# What is the purpose of preaching?



## AV1611 (Nov 22, 2006)

What are your thoughts?

My thoughts (taken from a paper I am working on):



> The covenant purpose of God is to manifest his own Trinitarian covenant life through the taking of a people for his own possession and establishing a covenant with them in Christ Jesus. This covenant, whilst established in eternity is realised or is made manifest in history and the means by which the covenant is realised is faith which is itself a fruit of electing grace and a covenant blessing in Christ. “So that men may be brought to faith, God mercifully sends heralds of this most joyful message to whom He will and when He wills. By their ministry men are called to repentance and to faith in Christ crucified.” Hence the gospel is a means through which God fulfills his covenant purpose. Through it he calls the elect to faith and effectually draws them into communion with himself and it is precisely this communion which is the very essence of covenant. The preaching acts as the means by which the communion is manifested, developed and enabled to flourish.


----------



## Robin (Nov 23, 2006)

"In the Word of command and promise, we discover who we are: the law tells us that we are "under sin" by nature; the gospel tells us that we are "in Christ" through faith.

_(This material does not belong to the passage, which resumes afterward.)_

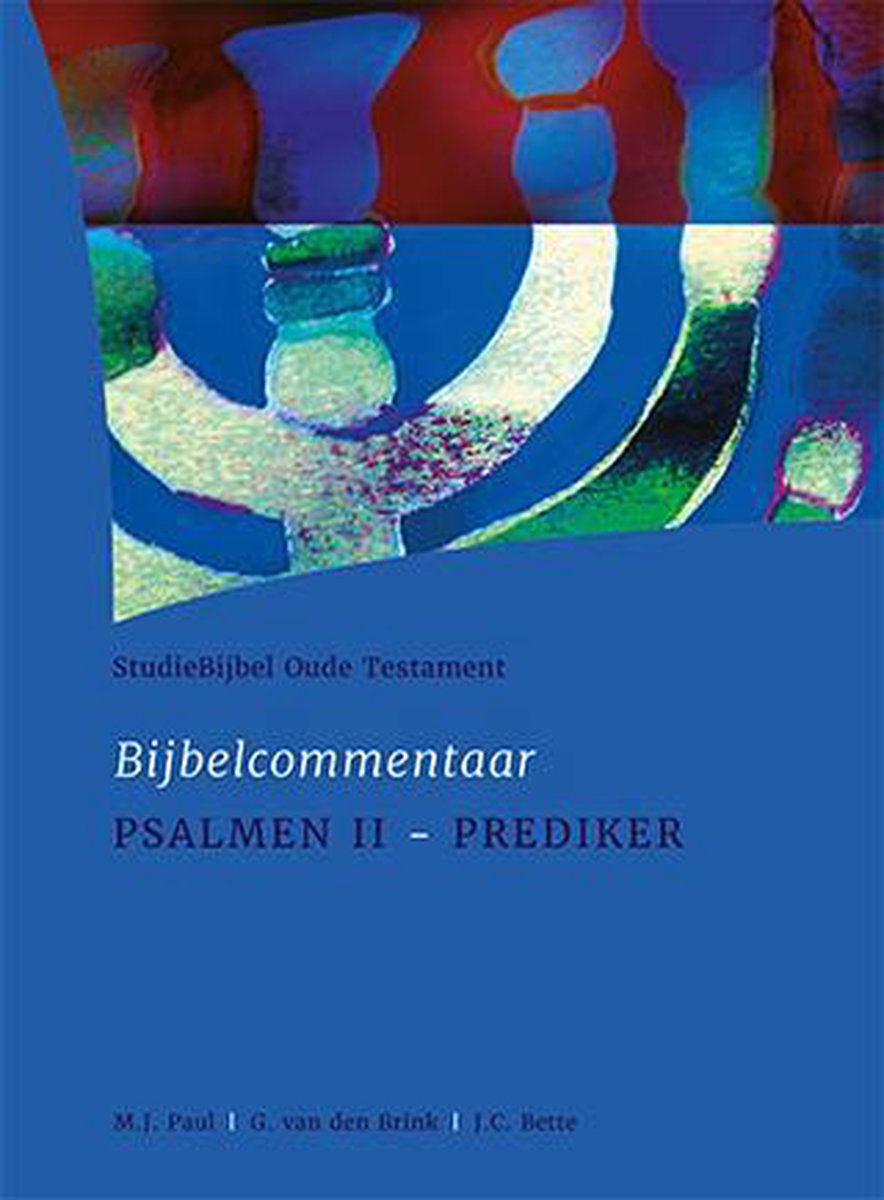 StudieBijbel OT8 Psalmen II, Spreuken, Prediker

This is the Word of the Covenant, but in both Old and New Testaments we learn also of the sign and seals of the covenant that ratify the treaty of peace." p. 144 "God of Promise" Michael Horton

The Word preached is God's presence as treaty; the sacrments are ratification of the treaty. See page 138

The Word, rightly preached, is God speaking to us as if He were actually present.

 

Robin


----------